Volkswagen’s chief sales and marketing officer for the North American region, Werner Eichhorn, said in a statement that while the US car industry has “long seen itself in 30-day cycles,” it’s “hard to argue anymore that a monthly snapshot offers the most effective look at [the] business.” The company believes quarterly reporting, Eichhorn said, will “provide a clearer, more consistent picture of brand and market performance.”
Audi of America gave a similar spiel, with the company’s president, Daniel Weissland, saying it’s time for “a move that will provide a more transparent look at our business as we consider our long-term strategic goals.”
“Increased consistency from quarterly reporting versus reporting on a shorter term strengthens our operations, which ultimately benefits our dealer partners and our customers,” Weissland said.
Audi and Volkswagen are the latest automakers to join the movement to quarterly reports for US sales, begun in April 2018 by General Motors. The other two members of the Detroit Big Three, Fiat Chrysler and Ford, joined soon after, and Porsche hopped on board last week. (Porsche is part of the larger Volkswagen Group, as are the Volkswagen and Audi brands.)

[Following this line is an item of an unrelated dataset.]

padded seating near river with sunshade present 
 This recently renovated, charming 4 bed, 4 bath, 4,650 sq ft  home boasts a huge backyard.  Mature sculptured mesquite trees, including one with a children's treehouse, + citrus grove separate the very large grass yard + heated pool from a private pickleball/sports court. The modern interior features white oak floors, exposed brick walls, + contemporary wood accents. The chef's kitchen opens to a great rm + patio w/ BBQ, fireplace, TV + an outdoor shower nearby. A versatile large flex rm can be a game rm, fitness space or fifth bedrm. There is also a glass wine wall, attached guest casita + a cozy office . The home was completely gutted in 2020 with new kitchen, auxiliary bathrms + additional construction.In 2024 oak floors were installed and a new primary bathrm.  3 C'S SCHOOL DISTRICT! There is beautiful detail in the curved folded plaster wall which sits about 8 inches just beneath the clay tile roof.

All had similar reasoning, as if pulled from the same basket — Porsche said monthly reports “rarely capture the overall picture of how our business is developing,” GM argued that they don’t give “enough time to separate real sales trends from short-term fluctuations in a very dynamic, highly competitive market,” Ford noted the “volatility” in monthly numbers, and FCA said quarterly reports would “continue to provide transparency … while at the same time aligning with where industry practice is heading.”
But an Autotrader executive analyst, Michelle Krebs, told Automotive News upon GM’s switch that quarterly reporting could lead to “less transparency” and “an information gap” resulting in more speculation errors. The change entirely benefits automakers, though, as reporting once every four months not only hides month-to-month volatility, but also makes news about companies’ sales less frequent if they are indeed poor.
Plenty of carmakers are still reporting monthly for now, with names like Kia, Mercedes-Benz, Toyota, Subaru, Infiniti, Nissan, and Hyundai all publishing by the month as of December. But the future of car sales doesn’t look great worldwide as we reach a concept dubbed “peak car,” which is exactly what it sounds like — a compelling reason to consider reporting sales less often.
And if this quarterly trend continues for US sales, that’s exactly what automakers will be doing.